Practice Problems: Extremes and Inflections Solutions:

1. (moderate) Graph the motion equation given below and determine any extreme and inflection points (over the time range of -1 to +1 seconds).
x = 9t³ - 4t + 7
(with x in meters and t in seconds)


Extreme points:
v = dx/dt = 0
dx/dt = d(9t³ - 4t + 7)/dt = 0
dx/dt = 27t² - 4 = 0
t² = 4/27
t = ±0.38s
Inflection point:
a = d²x/dt² = dv/dt = 0
dv/dt = d(27t² - 4)/dt = 0
54t = 0
t = 0

2. (moderate) Find the displacement of a particle from 4 to 8 seconds if the equation below accurately describes its motion.
v = 4t³+ 4t² + 7t +1
(v is in m/s and t is in s)
Δx = ∫vdt
Δx = ∫(4t³+ 4t² + 7t +1)dt    (with limits from t = 4 to t = 8)
Δx = t⁴ + 1.33t³ + 3.5t² + t   (with limits from t = 4 to t = 8)
Δx = [8⁴ + 1.33(8)³ + 3.5(8)² + 8] - [4⁴ + 1.33(4)³ + 3.5(4)² + 4]
Δx = 5009 - 401 = 4608 m

3. (moderate) Use the graph below to determine the final position of a particle given that the initial position was at x_o = 20 m.
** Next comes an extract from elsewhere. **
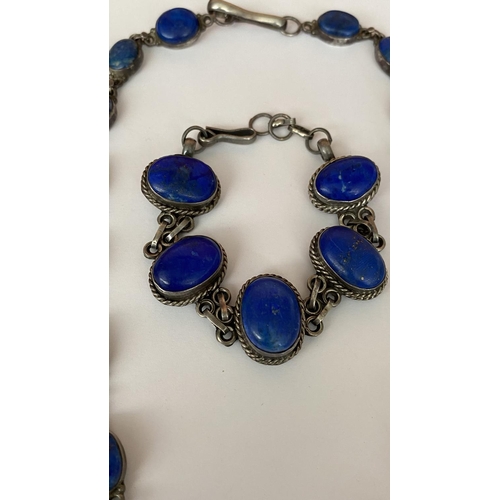 127 - Set of Vintage Solid Silver 925 Lapis Lazuli Necklace and Bracelet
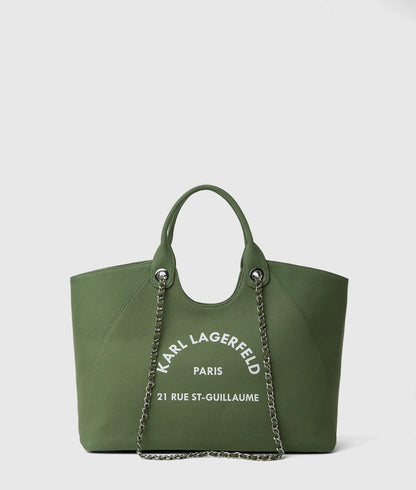 KarlLagerfeld Exclusive Rue St-Guillaume Chain Shopper Hedge Green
4. (moderate) A particle is moving along a straight line according to: x = t⁴/6 - 7t³/6 + 3t²/2 + 5
Where t is in seconds x is in meters.
a. Find the velocity of the particle at t = 1.8 seconds.
v = dx/dt = 2t³/3 - 7t²/2 + 3t
v = 2(1.8)³/3 - 7(1.8)²/2 + 3(1.8)
v = -2.0 m/s
b. Where is the particle at t = 4.1 seconds?
x = (4.1)⁴/6 - 7(4.1)³/6 + 3(4.1)²/2 + 5
x = -3.1 m
c. Create a v - t graph for the motion for the particle in the range from t = 0 to t = 3 seconds.
Extreme points: First derivative is 0.
dv/dt = a = 0 = 2t²- 7t + 3
t = {0.5s, 3.0 s}
At t = 0.5 s, v = 0.71 m/s
At t = 3.0 s, v = -4.5m/s
Inflection point: Second derivative is 0.
da/dt = J = 4t - 7
t = 1.75 s
At 1.75 s, v = -1.9 m/s



5. (moderate) v = 8t³ + 7t²/2 - 9t + 3 (with t in seconds and v in m/s)
Determine the position of the particle at t = 2.4 s if the initial position was x = 2.0 m.
v = dx/dt
∫dx = ∫(8t³ + 7t²/2 - 9t + 3)dt
x = 8t⁴/4 + 7t³/6 - 9t²/2 + 3t + C
Evaluate initial condition: C = 2.0 m
At t = 2.4 s
x = 8(2.4)⁴/4 + 7(2.4)³/6 - 9(2.4)²/2 + 3(2.4) + 2.0
x = 65.8 m

6. (moderate) Extremes and inflection points have meaning in many relationships besides those found in motion studies. For example, if two variables, A and B are related by the equation A = 5B² + 3B + 7, one can easily find the max or min for the magnitude of A by setting the first derivative dA/dB = 0. Try to use this concept to solve the following problem: You have 24 meters of fence with which to construct a rectangular rabbit enclosure. You want the enclosure to have the maximum amount of area.
a. Using calculus, determine the length of the sides of this enclosure.
b. Determine an equation that can be used to find the lengths of the sides having any length of fencing that you are given.
a. The area equation for a rectangle is Area = Length x Width
A = LW
Since the perimeter of the enclosure must be 24 meters long:
24 = 2L + 2W
L = (24 - 2W)/2
Thus: A = [(24 - 2W)/2]W
A = 12W - W²
Now find W when A is maximized:
dA/dW = 12 - 2W = 0
12 = 2W
W = 6 meters
This means that the enclosure will have maximum area if it is square, with a length of 6 meters on all sides (making the enclosure have an area of 36 m²).
b. The general equation uses P as the perimeter (the length of fencing that is given).
P = 2L + 2W
L = (P/2) - W
A = [(P/2) - W]W
A = (PW/2) - W²
To maximize the area, dA/dW = 0
dA/dW = (P/2) - 2W = 0
W = P/4
L = (P - 2(P/4))/2 = (P - P/2)/2 = P/4
Therefore, a square enclosure will always maximize the area with A_max = P²/16.